Anyway, this morning when I went to get dressed I remembered that every stitch of quality clothing I had was at the cleaners across the street. Since I had left the office directly for Llano on Friday I had not been in town to pick up my cleaning over the weekend. They don’t open early enough for my taste, so I decided to wear a pair of slacks that I would not choose under other circumstances. You might think of them as my emergency backup pants for situations like today. It had been a while since I reached for them last, and as a result I was in for a surprise.

In addition to being kind of dull and plain, these slacks are now also WAY too big. It’s one thing for your pants to have a little room at the waist band. It’s another for them to be so loose that they will literally fall off without a belt. To my surprise, that’s the condition I found them in this morning. They were so over sized that I actually had to fold them over a little on either side so that they didn’t scrunch up like clown pants. There was no choice – I had to go to the cleaners and pickup my regular clothes. No way I can wear those “Plan B” pants to work anymore. But as I dressed for the 2nd time this morning I realized that my regular clothes are getting a bit baggy in most cases too.

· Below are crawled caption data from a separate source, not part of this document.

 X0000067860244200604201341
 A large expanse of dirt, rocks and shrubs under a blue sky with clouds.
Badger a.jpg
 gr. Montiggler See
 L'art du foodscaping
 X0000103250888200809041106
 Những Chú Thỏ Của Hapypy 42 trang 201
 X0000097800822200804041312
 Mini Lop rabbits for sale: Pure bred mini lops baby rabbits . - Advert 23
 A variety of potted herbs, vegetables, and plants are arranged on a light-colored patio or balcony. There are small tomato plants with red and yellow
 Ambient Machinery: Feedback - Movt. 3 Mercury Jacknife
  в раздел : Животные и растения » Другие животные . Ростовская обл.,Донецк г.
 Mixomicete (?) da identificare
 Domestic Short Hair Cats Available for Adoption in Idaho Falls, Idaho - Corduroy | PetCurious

All of this has me wondering – before I started working out again this year just how fat was I anyway? I don’t think of myself as being super trim now (not yet at least) but when I look at how big these pants have gotten it really strains my imagination that they were once a close fit. My weight has dropped some, but I guess my body fat must be dropping a lot faster than my weight. No other explanation.

Another really nice benefit of this intense exercise regimen. I haven’t been able to work out since I got sick on Friday, but I’m really, really looking forward to getting back to it ASAP. For a variety of reasons.